Posso assicurare che non si è trattata di una scelta opportunistica mirante a escludere le zone più periferiche e deboli, ma , al contrario, di una scelta strategica mirante a creare le premesse per includere queste zone – se i suoi abitanti lo vorranno – in una fase successiva.

Già ora c’é chi ci rimprovera di aver voluto fare il passo più lungo della gamba proponendo di aggregare in un colpo solo 18 Comuni : figuriamoci quali sarebbero state le reazioni se avessimo esteso il progetto a tutti i Comuni del distretto.
La cosa più urgente per il Locarnese è di riunire i Comuni dell’agglomerato urbano e creare una città, un polo forte in grado di diventare il punto di riferimento non solo per le zone periferiche del distretto ma anche per la Valmaggia.
Se questo progetto dovesse essere accolto dal popolo si dovranno dapprima consolidare le strutture del nuovo Comune e, fatto ciò, si potrà passare alla seconda fase e pensare ad aggregare l’Onsernone, la Val Verzasca ed eventualmente il Gambarogno, come ad esempio ha fatto Lugano con la Valcolla.
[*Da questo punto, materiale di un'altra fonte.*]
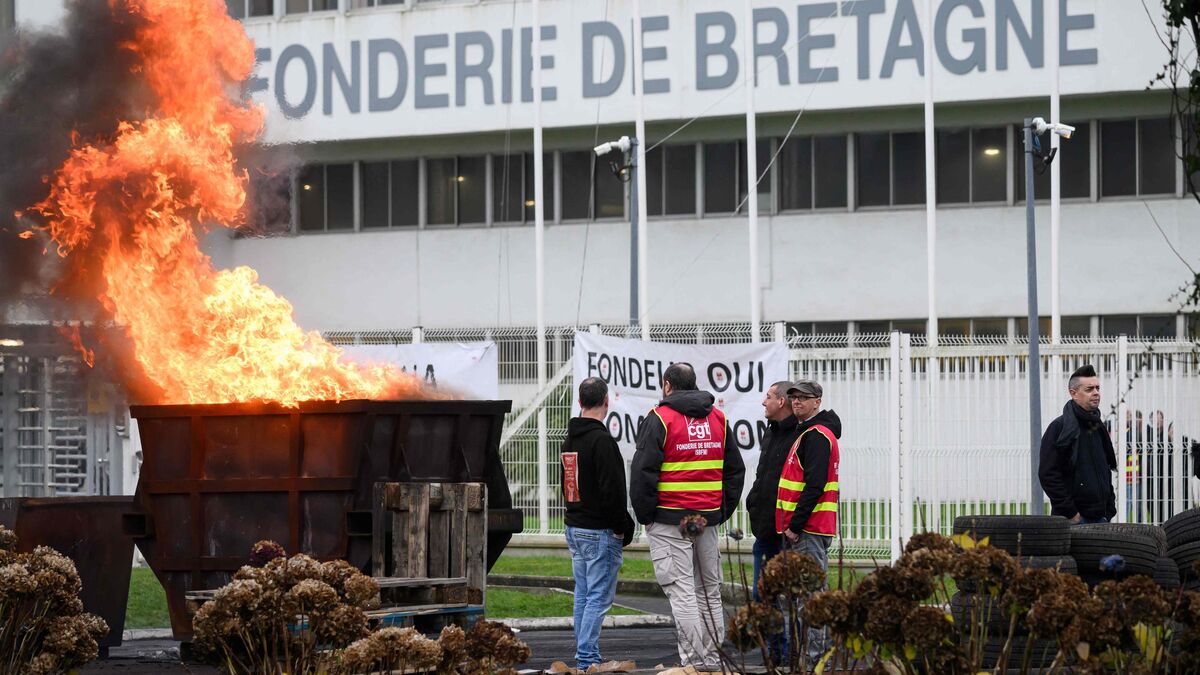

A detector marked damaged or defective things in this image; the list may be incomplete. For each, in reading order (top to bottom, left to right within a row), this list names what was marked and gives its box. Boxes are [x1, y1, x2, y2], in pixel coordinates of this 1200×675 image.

Sarebbe stato azzardato e poco giudizioso volere tutto e subito, con il rischio di accrescere le opposizioni al progetto e farlo naufragare a scapito anche delle valli.
Non per nulla al quinto capoverso del nuovo articolo costituzionale proposto dall’iniziativa è esplicitamente prevista la possibilità di aggregazioni più estese che dovranno essere effettuate in base all’attuale legge sulle aggregazioni.
Ciò significa ad esempio che se un domani altri Comuni ora esclusi volessero aggregarsi con la Nuova Locarno non sarebbe più necessario procedere a un’ulteriore modifica della Costituzione cantonale e a una nuova votazione cantonale, ma basterebbe presentare un’istanza di aggregazione che si concluderebbe con una votazione consultiva e con un decreto approvato dal Gran Consiglio.

Va pure detto che i Comuni su cui abbiamo puntato per questa prima fase, sia nel Locarnese e sia nel Bellinzonese, sono gli stessi già inclusi dal Cantone in due studi strategici allestiti negli ultimi anni, con la sola aggiunta del Comune delle Centovalli (sia per la sua posizione strategica al confine con l’Italia e sia perché il Municipio interessato ha manifestato il suo accordo a questa eccezione).
In tal modo nessuno potrà accusarci di aver tracciato a casaccio i confini giurisdizionali delle due nuove città e nessuno potrà dire che l’iniziativa popolare è in contrasto con gli intendimenti del Cantone e del futuro Piano cantonale delle aggregazioni.

E infine vi è un altro motivo d’ordine finanziario. L’iniziativa chiede che in caso di approvazione popolare il Cantone dovrà versare 30 milioni di franchi al nuovo Comune di Bellinzona e 24 al nuovo Comune di Locarno.
E’ logico che se il progetto avesse incluso già in questa fase anche le zone più deboli il contributo previsto sarebbe aumentato verosimilmente di qualche decina di milioni di franchi, con il rischio che la richiesta di troppi soldi d’un sol colpo al Cantone in un periodo di vacche magre (la votazione dovrebbe avvenire nel 2015) avrebbe potuto offrire agli avversari del progetto un motivo in più per invitare i ticinesi ad affossarlo. Un passo alla volta, insomma.